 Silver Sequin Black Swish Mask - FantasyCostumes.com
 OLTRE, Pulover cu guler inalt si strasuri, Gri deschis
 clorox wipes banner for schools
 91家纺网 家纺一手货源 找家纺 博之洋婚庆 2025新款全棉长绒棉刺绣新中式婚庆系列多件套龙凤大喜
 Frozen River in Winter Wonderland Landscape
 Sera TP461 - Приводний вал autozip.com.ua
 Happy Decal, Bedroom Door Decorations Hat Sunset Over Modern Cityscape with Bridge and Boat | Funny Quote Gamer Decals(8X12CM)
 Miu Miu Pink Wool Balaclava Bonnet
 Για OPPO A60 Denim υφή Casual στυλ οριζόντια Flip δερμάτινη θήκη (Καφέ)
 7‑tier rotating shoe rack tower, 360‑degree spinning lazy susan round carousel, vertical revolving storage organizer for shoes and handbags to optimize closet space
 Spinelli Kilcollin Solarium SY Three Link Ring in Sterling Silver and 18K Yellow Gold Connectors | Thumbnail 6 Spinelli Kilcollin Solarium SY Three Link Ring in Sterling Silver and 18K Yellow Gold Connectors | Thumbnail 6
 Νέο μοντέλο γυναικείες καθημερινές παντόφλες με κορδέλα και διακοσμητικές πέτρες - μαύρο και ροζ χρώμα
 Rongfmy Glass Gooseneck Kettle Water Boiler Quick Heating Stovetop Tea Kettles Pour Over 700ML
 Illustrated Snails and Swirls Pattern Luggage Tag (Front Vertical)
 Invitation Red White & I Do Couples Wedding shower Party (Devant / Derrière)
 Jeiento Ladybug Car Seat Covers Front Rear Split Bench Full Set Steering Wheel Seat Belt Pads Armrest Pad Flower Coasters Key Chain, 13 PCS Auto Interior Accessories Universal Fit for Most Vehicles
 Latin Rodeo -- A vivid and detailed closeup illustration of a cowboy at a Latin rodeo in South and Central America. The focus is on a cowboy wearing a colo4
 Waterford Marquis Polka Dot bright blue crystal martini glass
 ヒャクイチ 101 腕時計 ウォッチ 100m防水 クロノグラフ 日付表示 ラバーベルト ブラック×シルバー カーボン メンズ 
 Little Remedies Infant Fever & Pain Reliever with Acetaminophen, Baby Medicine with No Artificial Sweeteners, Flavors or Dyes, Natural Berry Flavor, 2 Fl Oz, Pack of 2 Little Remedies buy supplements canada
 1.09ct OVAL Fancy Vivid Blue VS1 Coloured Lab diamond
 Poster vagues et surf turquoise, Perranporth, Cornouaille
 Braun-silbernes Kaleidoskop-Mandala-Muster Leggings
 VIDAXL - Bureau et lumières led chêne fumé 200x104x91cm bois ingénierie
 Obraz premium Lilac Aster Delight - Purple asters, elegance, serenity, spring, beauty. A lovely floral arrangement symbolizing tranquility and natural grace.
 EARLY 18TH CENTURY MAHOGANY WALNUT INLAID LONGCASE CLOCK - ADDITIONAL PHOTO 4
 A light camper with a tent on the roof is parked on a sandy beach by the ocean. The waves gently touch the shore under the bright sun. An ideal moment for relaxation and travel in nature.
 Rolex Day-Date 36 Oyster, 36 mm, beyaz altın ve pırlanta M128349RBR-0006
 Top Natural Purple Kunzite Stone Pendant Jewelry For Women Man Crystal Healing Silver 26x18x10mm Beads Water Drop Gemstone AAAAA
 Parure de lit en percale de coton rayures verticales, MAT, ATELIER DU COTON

#####

* [ABOUT THIS EXERCISE]:
Restate the data word for word. Begin at its first line, end at the line that contains "Invitation Red White", and include both.

* [PROBLEM SOLUTION]:
 Silver Sequin Black Swish Mask - FantasyCostumes.com
 OLTRE, Pulover cu guler inalt si strasuri, Gri deschis
 clorox wipes banner for schools
 91家纺网 家纺一手货源 找家纺 博之洋婚庆 2025新款全棉长绒棉刺绣新中式婚庆系列多件套龙凤大喜
 Frozen River in Winter Wonderland Landscape
 Sera TP461 - Приводний вал autozip.com.ua
 Happy Decal, Bedroom Door Decorations Hat Sunset Over Modern Cityscape with Bridge and Boat | Funny Quote Gamer Decals(8X12CM)
 Miu Miu Pink Wool Balaclava Bonnet
 Για OPPO A60 Denim υφή Casual στυλ οριζόντια Flip δερμάτινη θήκη (Καφέ)
 7‑tier rotating shoe rack tower, 360‑degree spinning lazy susan round carousel, vertical revolving storage organizer for shoes and handbags to optimize closet space
 Spinelli Kilcollin Solarium SY Three Link Ring in Sterling Silver and 18K Yellow Gold Connectors | Thumbnail 6 Spinelli Kilcollin Solarium SY Three Link Ring in Sterling Silver and 18K Yellow Gold Connectors | Thumbnail 6
 Νέο μοντέλο γυναικείες καθημερινές παντόφλες με κορδέλα και διακοσμητικές πέτρες - μαύρο και ροζ χρώμα
 Rongfmy Glass Gooseneck Kettle Water Boiler Quick Heating Stovetop Tea Kettles Pour Over 700ML
 Illustrated Snails and Swirls Pattern Luggage Tag (Front Vertical)
 Invitation Red White & I Do Couples Wedding shower Party (Devant / Derrière)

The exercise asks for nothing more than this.